We don't have to stand for that anymore. Under my plan, we will make generic drugs more available to consumers and we will tell the drug companies that their days of forcing affordable prescription drugs out of the market are over.
And it's not just the drug industry that's manipulating the market. In the last ten years, there have been over four hundred health insurance mergers. Right here in Iowa, just three companies control more than three-quarters of the health insurance market. These changes were supposed to increase efficiency in the industry. But what's really increased is the amount of money we're paying them.
This is wrong, and when I'm President, we're going to make drug and insurance companies compete for their customers just like every other business in America. We'll investigate and prosecute the monopolization of the insurance industry. And where we do find places where insurance companies aren't competitive, we will make them pay a reasonable share of their profits on the patients they should be caring for in the first place. Because that's what's right.
We are a country that looks at the thousands of stories just like Amy and Lane's - stories we have heard and told for decades - and realizes that our American story calls on us to write them a hopeful, happier ending. After all, that's what we've done before.
Half a century ago, America found itself in the midst of another health care crisis. For millions of elderly Americans, the single greatest cause of poverty and hardship was the crippling cost of their health care. A third of all elderly Americans lived in poverty, and nearly half had no health insurance.

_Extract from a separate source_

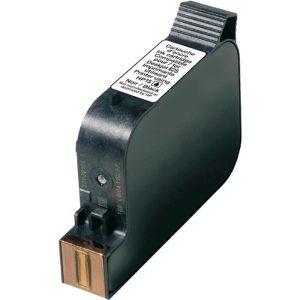 Generic Ink Tinte HP C6615D Nr. 15A Black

As health care and hospital costs continued to rise, more and more private insurers simply refused to insure our elderly, believing they were too great of a risk to care for.
The resistance to action was fierce. Proponents of health care reform were opposed by well-financed, well-connected interest groups who spared no expense in telling the American people that these efforts were "dangerous" and "un-American," "revolutionary" and even "deadly."
And yet the reformers marched on. They testified before Congress and they took their case to the country and they introduced dozens of different proposals but always, always they stood firm on their goal to provide affordable health care for every American senior. And finally, after years of advocacy and negotiation and plenty of setbacks, President Lyndon Johnson signed the Medicare bill into law on July 30th of 1965.
The signing ceremony was held in Missouri, in a town called Independence, with the man who issued the call for universal health care during his own presidency - Harry Truman.
And as he stood with Truman by his side and signed what would become one of the most successful government programs in history - a program that had seemed impossible for so long - President Johnson looked out at the crowd and said, "History shapes men, but it is a necessary faith of leadership that men can help shape history."
Never forget that we have it within our power to shape history in this country. It is not in our character to sit idly by as victims of fate or circumstance, for we are a people of action and innovation, forever pushing the boundaries of what's possible.
Now is the time to push those boundaries once more. We have come so far in the debate on health care in this country, but now we must finally answer the call issued by Truman, advanced by Johnson, and pushed along by the simple power of stories like the one told by Amy and Lane. The time has come for affordable, universal health care in America. And I look forward to working with all of you to meet this challenge in the weeks and months to come. Thank you.